Н.Л.: Елена Витальевна, точно. Она мне писала, что хотела бы Александру Исаевичу передать этот экземпляр. Это уже было, когда он вернулся, по-моему. Не помню… наверное, наверное.
Н.Ф.: Нет, она выкопала его в 89-м году. До возвращения. Он вернулся в 94-м. Осенью, как только издали, она выкопала.
Н.Л.: Во всяком случае, Александр Исаевич ответил так: «Это уже не мой архив, это архив Ливеровского.
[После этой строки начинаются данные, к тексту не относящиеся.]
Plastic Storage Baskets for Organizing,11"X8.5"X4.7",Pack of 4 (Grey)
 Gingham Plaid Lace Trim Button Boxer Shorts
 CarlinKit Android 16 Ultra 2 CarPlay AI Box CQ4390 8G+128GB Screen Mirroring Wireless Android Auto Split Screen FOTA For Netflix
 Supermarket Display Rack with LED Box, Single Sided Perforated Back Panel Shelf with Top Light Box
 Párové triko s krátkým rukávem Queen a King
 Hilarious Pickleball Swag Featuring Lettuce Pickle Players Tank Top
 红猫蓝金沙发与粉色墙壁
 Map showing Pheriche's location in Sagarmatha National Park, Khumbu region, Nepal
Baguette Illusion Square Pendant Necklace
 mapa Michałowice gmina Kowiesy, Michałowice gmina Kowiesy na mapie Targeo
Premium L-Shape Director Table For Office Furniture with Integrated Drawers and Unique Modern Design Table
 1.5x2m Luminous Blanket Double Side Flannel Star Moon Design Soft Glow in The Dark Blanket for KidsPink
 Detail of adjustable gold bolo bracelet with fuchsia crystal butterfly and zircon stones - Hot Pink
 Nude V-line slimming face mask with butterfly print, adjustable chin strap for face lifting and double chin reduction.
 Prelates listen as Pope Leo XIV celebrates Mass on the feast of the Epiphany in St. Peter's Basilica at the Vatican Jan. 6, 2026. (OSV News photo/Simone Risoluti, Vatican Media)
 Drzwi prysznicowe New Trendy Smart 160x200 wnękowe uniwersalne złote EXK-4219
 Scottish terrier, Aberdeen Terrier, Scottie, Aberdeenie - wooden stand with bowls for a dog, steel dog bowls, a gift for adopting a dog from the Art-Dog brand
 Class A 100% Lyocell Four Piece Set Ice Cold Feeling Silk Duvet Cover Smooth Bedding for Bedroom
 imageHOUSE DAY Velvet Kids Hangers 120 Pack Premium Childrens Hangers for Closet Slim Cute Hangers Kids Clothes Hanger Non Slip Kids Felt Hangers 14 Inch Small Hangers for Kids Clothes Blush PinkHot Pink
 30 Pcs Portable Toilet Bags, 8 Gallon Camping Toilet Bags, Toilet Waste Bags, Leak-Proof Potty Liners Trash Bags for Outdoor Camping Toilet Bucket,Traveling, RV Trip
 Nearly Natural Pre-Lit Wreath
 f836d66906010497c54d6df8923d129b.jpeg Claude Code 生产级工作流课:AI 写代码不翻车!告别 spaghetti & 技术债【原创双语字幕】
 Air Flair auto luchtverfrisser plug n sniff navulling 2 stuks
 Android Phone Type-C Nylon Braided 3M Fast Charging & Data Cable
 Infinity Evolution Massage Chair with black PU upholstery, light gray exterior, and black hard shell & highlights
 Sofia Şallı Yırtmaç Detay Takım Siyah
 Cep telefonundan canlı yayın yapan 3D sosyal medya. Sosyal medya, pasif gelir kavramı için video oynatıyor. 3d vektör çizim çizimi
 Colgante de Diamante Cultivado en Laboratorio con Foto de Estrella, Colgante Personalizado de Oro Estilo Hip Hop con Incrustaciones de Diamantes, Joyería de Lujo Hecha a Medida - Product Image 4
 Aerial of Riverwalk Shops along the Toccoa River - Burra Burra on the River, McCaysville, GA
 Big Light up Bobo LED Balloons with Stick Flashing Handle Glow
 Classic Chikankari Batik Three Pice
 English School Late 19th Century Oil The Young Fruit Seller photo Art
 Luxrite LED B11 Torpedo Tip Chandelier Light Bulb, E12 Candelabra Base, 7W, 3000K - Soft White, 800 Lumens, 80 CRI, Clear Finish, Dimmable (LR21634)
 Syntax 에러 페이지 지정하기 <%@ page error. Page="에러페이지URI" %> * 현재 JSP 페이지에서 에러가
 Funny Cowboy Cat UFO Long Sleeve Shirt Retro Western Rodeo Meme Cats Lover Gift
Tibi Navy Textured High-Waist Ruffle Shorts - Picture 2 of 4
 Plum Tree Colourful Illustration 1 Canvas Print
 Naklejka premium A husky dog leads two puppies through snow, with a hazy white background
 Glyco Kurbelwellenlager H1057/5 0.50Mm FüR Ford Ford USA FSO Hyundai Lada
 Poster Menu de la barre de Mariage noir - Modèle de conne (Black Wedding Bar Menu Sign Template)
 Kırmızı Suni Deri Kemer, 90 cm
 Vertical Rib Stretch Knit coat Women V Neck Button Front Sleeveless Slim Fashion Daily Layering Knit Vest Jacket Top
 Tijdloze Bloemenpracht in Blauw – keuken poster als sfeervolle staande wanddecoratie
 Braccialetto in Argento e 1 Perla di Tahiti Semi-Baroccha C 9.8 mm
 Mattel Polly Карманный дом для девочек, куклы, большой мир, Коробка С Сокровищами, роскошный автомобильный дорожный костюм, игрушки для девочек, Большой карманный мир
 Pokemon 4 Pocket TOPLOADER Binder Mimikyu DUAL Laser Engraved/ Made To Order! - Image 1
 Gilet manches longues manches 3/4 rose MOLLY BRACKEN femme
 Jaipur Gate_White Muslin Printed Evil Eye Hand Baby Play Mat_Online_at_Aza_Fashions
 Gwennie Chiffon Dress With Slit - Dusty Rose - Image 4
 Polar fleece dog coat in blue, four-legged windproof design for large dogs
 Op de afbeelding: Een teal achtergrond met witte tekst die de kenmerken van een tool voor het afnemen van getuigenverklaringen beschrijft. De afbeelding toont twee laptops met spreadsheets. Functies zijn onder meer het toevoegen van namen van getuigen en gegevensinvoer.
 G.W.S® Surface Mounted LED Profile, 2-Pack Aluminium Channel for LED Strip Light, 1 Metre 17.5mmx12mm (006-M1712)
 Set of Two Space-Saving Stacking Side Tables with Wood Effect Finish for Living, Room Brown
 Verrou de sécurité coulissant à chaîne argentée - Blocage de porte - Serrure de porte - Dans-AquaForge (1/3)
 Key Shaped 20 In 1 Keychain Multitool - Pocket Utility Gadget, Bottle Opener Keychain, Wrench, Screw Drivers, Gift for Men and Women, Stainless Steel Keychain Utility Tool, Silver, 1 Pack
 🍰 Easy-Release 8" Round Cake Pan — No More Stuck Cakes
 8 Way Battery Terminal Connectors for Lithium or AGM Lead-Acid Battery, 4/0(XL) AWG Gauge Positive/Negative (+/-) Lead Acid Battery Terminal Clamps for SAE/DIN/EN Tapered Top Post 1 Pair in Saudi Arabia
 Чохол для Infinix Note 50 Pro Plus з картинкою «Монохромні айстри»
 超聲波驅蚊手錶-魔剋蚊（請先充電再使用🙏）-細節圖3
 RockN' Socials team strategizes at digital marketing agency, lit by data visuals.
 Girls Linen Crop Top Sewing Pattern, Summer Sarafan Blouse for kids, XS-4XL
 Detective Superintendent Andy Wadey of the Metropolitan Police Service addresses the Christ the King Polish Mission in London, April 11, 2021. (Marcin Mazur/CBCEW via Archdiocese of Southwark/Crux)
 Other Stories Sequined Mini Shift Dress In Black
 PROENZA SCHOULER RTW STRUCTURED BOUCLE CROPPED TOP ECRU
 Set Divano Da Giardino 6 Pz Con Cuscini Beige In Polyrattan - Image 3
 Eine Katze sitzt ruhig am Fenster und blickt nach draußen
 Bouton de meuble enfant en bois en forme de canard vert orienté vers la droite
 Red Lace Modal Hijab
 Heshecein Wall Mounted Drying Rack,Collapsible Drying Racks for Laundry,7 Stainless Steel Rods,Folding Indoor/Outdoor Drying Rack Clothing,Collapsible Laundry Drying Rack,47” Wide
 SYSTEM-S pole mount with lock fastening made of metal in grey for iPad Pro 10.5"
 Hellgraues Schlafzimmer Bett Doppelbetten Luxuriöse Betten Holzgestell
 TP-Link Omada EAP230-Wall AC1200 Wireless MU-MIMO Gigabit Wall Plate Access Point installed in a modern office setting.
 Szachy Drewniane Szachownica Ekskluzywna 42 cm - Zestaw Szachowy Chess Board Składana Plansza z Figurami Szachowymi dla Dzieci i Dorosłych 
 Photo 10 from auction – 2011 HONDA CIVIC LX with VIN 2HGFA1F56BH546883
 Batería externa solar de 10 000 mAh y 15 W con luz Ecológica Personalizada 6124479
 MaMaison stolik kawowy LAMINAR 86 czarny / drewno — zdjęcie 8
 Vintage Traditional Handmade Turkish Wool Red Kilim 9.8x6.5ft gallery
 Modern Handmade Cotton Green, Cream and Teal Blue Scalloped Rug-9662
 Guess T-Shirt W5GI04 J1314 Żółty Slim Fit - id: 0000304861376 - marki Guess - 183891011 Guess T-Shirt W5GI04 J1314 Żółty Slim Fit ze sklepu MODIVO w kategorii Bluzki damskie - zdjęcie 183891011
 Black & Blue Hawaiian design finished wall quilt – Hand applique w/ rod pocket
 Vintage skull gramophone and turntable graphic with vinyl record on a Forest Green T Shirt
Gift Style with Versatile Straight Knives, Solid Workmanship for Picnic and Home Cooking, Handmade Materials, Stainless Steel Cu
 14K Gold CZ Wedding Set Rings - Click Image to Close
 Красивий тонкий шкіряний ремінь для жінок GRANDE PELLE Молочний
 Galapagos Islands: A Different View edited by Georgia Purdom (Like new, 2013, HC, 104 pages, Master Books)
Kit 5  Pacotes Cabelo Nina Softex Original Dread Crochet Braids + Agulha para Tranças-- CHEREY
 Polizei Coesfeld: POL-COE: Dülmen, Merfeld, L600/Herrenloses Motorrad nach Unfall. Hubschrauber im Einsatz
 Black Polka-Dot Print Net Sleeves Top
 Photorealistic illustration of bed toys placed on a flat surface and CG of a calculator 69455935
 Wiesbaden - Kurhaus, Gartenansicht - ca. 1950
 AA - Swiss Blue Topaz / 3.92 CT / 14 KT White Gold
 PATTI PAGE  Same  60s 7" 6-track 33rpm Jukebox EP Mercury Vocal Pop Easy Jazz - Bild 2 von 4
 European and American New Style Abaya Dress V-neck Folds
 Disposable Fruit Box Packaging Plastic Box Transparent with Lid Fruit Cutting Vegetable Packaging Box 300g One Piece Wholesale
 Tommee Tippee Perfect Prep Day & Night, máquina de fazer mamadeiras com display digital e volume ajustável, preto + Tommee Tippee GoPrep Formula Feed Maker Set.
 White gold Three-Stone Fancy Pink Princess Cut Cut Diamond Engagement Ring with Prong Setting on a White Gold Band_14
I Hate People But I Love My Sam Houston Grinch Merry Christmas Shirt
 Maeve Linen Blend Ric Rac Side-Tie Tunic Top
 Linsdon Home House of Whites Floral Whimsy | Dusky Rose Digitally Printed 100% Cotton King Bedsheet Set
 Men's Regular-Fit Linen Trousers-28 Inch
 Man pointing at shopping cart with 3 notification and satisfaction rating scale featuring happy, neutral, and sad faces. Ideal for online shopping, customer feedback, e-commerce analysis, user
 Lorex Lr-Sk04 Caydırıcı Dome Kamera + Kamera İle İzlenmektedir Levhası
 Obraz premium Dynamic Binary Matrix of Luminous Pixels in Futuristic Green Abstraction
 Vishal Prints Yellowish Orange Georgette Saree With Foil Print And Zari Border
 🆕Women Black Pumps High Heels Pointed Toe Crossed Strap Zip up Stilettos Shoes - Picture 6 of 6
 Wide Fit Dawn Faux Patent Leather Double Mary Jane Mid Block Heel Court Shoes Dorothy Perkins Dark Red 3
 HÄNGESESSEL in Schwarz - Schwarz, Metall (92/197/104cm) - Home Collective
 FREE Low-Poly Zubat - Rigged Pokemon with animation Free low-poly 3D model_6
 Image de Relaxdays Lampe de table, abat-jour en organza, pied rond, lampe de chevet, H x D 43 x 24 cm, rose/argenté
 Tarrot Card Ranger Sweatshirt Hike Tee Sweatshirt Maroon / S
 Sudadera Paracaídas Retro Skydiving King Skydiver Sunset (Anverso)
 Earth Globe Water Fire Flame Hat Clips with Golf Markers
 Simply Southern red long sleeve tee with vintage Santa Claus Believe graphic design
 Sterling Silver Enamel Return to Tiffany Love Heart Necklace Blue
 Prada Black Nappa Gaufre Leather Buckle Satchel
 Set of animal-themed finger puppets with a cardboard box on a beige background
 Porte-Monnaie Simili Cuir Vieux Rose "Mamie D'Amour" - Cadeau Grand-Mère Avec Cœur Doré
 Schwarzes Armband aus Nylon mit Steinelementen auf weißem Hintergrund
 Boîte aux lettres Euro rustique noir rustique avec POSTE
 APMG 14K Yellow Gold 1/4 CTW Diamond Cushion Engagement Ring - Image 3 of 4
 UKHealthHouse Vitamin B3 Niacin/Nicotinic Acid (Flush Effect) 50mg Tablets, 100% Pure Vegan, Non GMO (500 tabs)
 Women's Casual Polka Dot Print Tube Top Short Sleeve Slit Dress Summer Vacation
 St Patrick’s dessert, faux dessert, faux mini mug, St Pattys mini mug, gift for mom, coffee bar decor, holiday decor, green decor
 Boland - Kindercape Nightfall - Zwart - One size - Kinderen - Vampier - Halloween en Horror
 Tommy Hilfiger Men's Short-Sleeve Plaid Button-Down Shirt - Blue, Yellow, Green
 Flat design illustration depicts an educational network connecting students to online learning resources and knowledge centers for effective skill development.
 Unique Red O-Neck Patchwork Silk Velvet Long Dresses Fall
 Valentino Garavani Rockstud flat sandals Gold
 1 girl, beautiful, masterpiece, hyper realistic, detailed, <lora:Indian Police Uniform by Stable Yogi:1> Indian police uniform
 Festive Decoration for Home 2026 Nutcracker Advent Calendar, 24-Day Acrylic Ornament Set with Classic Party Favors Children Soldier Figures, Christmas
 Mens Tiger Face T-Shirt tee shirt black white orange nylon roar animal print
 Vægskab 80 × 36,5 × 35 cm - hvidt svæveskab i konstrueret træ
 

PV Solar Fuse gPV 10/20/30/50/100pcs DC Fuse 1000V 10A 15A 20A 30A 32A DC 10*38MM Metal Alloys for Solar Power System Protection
Он большой ученый, поэтому надо отдать его в Академию наук, где создавался его архив, он был хранителем». Александр Исаевич задыхался от этих текстов, ему где-то хранить их надо было.
Н.Ф.: Это финальная версия, я так понимаю, не промежуточная.
Н.Л.: Во всяком случае, это то, что я ответила ей с его слов. Я предложила ему, что есть такая… он, по-моему, путает яблони в Москве и в Питере, но я могу точно сказать, что про этот экземпляр он сказал, что «это уже не мой архив».
Н.Ф.: Понятно, у него, конечно, колоссальный был архив. Давайте уже, наверное, заканчивать, потому что я вас замучил в этот раз. Расскажите только, как вы правили «Архипелаг»? Последнее.
Н.Л.: Никак не правила.
Н.Ф.: На основе какого-то экземпляра? Они перепечатывать закончили 3 июня, по-моему, 68-го года.
Н.Л.: Все это время я ездила туда, брала листы.
Н.Ф.: Кусочками.
Н.Л.: Да, сколько напечатали — столько и забирала, чтобы они там не лежали.
Н.Ф.: А какой был в этом смысл? Ведь тем, что вы туда-сюда ездите, вы привлекаете внимание?
Н.Л.: Не знаю.
Н.Ф.: Потом, у вас коммунальная квартира, все лежало у вас, все пять экземпляров.
Н.Л.: Ну, у меня кусок лежал. Не знаю, было так, ездили. Помню, лето было хорошее такое, солнечное лето. Что-то я считывала, не помню даже с кем, прямо лежа на траве где-то. Что-то увозили и мы с Милиевной вдвоем.
Н.Ф.: Давайте на этом закончим, я вас замучил в эт от раз, это точно! Спасибо вам большое!